[AFS3-std] Re: Request for new fields in rx_statistics

Andrew Deason adeason@sinenomine.net
Missing Date


On Thu, 01 Oct 2009 01:32:49 +0200
Jeffrey Altman <jaltman@secure-endpoints.com> wrote:

> Michael Meffie wrote:
> > The number of spares is reduced to 2 integers by this change,
> > but since this is not an RX call, but rather the payload of an
> > rx debug packet, I believe addtional integers could be added
> > up to the limit imposed on the packet size.
>
> There is not method of negotiating the size of the rx_debugStats
> structure used in the RX_DEBUGI_GETSTATS debug call.  As a result it
> is not possible to increase the length of this structure and ensure
> that a peer with the new structure can send a RX_DEBUGI_GETSTATS
> response to a peer that only knows the old structure.

If I recall correctly, the code in the OpenAFS codebase just calls
recvfrom (or something similar) with a length of 1500 to get the debug
information.
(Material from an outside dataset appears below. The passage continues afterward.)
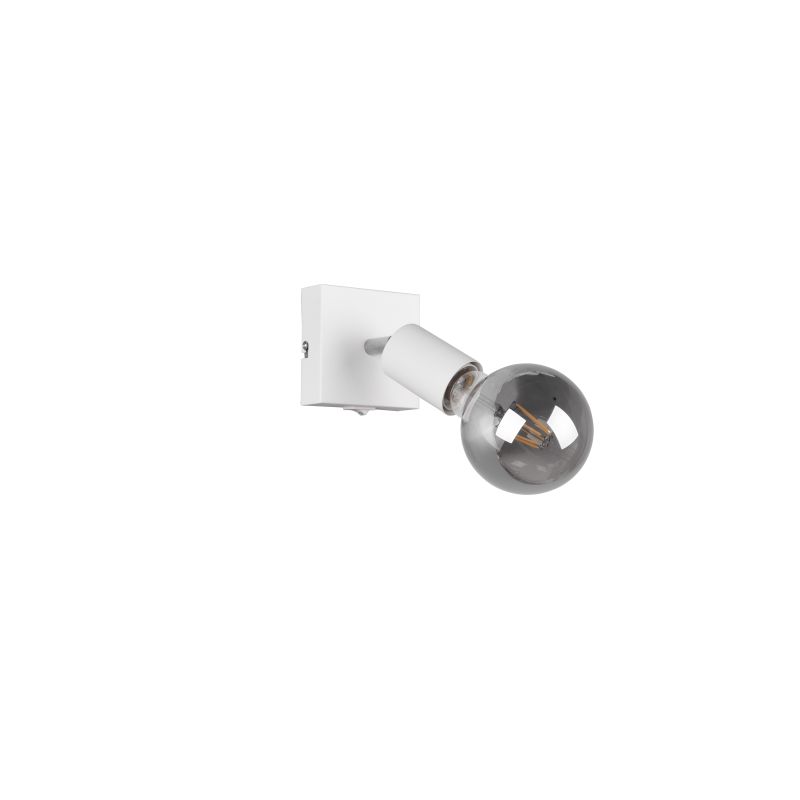 Trio-R80181731 - Vannes - Matt White Spotlight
I haven't tried extending the structure, but I don't see
why it wouldn't work as long as you stay under 1500 octets (and are
using udp).

If the RX standard doesn't guarantee that to work, though, then fair
enough.

> As for whether or not "the number of ack packets that have been
> delayed due to excessive aborts" should be sent or not, I wonder if
> that number is really a useful number from the perspective of
> debugging the server state.  From my perspective the question that one
> is trying to answer is whether or not a particular rx_connection or
> rx_peer is being throttled.  I don't think reporting the number of
> delays will help address that question.
> 
> To address the question I have posed statistics would have to be
> collected per connection and reported in the rx_debugConn structure
> which currently has 9 spares.  The rx_debugPeer structure currently
> has 10 spares.

I would say getting a per-server statistic is certainly more useful than
the current "nothing" that we have now. But yes, having this with more
granularity would be better if it's feasible. Hmm, per-conn or per-peer?
I'd think conns provide a bit more granularity, but per-peer is probably
sufficient for debugging throttling problems, and easier to wade
through.

I would still argue that a server-wide counter would still be useful,
though. To just detect/graph if throttling is occurring at all (or to
what degree), grabbing a single server stat would seem much easier than
just enumerating all connections. And it would let you be able to see
that it occurred even after the connection/peer went away.

-- 
Andrew Deason
adeason@sinenomine.net